Seaman’s skiing days started when he was young.

“I have a picture of me skiing in my back yard when I was about five,” he said. “My parents both skied and we went out and skied for fun. Then in junior high I leaned how to skate ski and started racing. I got serious my sophomore year in high school. I used to play hockey and ski, but I dropped hockey and started skiing and training year-round.”

“Serious” is a good word for it. Seaman’s high school team had 120 skiers, “by far the deepest in the state,” he said.

As he neared the end of his high school days in Anchorage, Alaska, Seaman knew he wanted to study engineering and to ski.

“I e-mailed a letter to every ski team in the country asking for information,” he said. “This was pretty much the only good engineering school in the country with a nordic ski team.”

He came to Tech in chemical engineering, but soon switched to geological engineering. “I want to get a job back up in Alaska, and this seemed the most logical choice,” he said.

For the summer and on into grad school, he will work with Jim Wood, professor of geological engineering, doing surface soil samples in lower Michigan oil fields. “It is exploration geochemistry and I’ll be working with new data and some that has already been collected,” he said.

He will also bike, run, roller ski, and swim all summer and fall. The ski team will run up and down Ripley twice a week. They will do a roller ski time trial once a week on the road from Redridge to Freda.

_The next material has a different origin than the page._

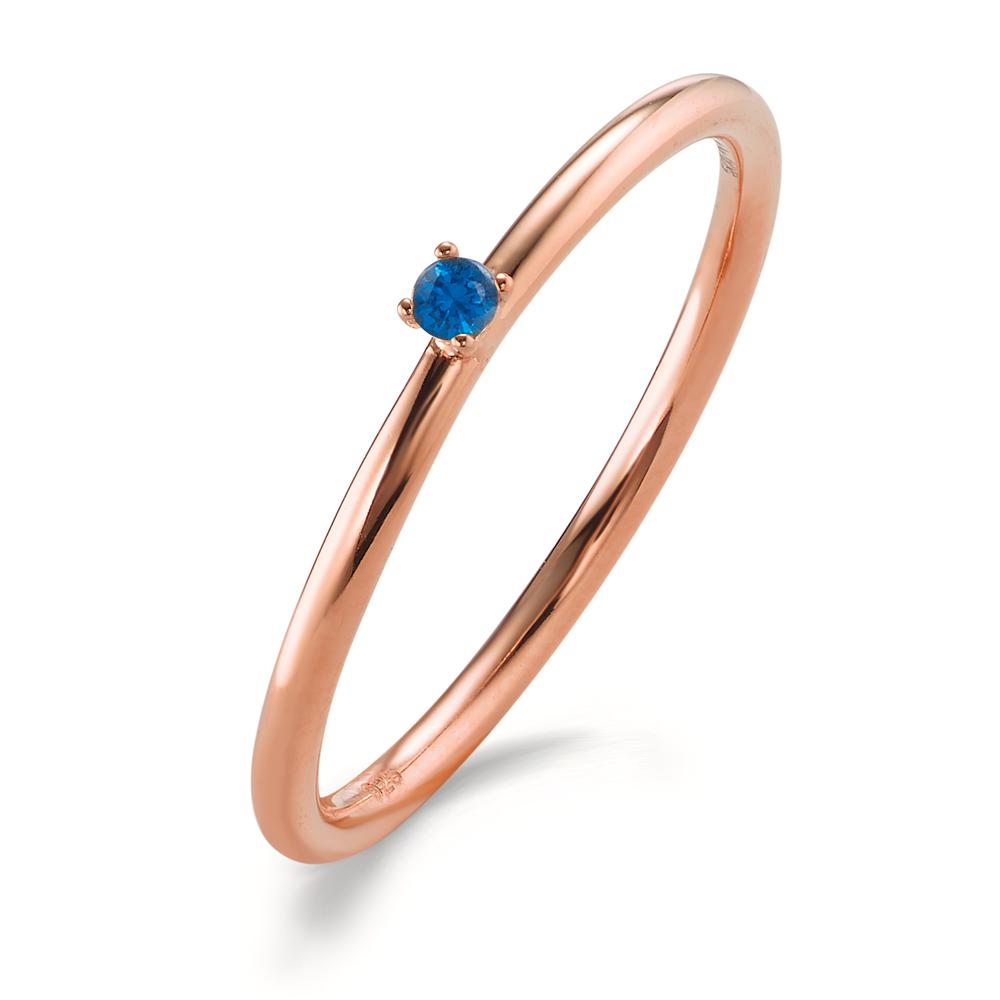 Stacking ring Silver Zirconia Blue, 2 mm Rose Gold plated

“Roller skiing is great until about October, then I really want some snow,” Seaman says.

Shanight’s ski career also started when she was a youngster in the Minneapolis area.

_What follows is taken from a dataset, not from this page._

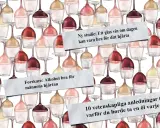 Vattenfärgsillustration av vinglas i olika färger. Texten "Forskare: Alkohol bra för männens hjärtan" och "Ny studie: Ett glas vin om dagen kan vara bra för ditt hjärta" antyder att alkohol kan ha hälsofördelar, men det är viktigt att komma ihåg att do...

“My dad used to race the Birkie in the early ‘80s,” she says, “and we would just go out touring in the woods. I got serious when I was about 15.”

When it came time for college, she looked at Tech, Northern Michigan, Montana State, and “a couple of schools in Wisconsin,” she says. “I had no idea what I wanted to do, so I was open. I visited Tech and I liked the atmosphere a lot. I also knew (coach) Gary (Nichols) a little in high school and I knew some of the team members up here.”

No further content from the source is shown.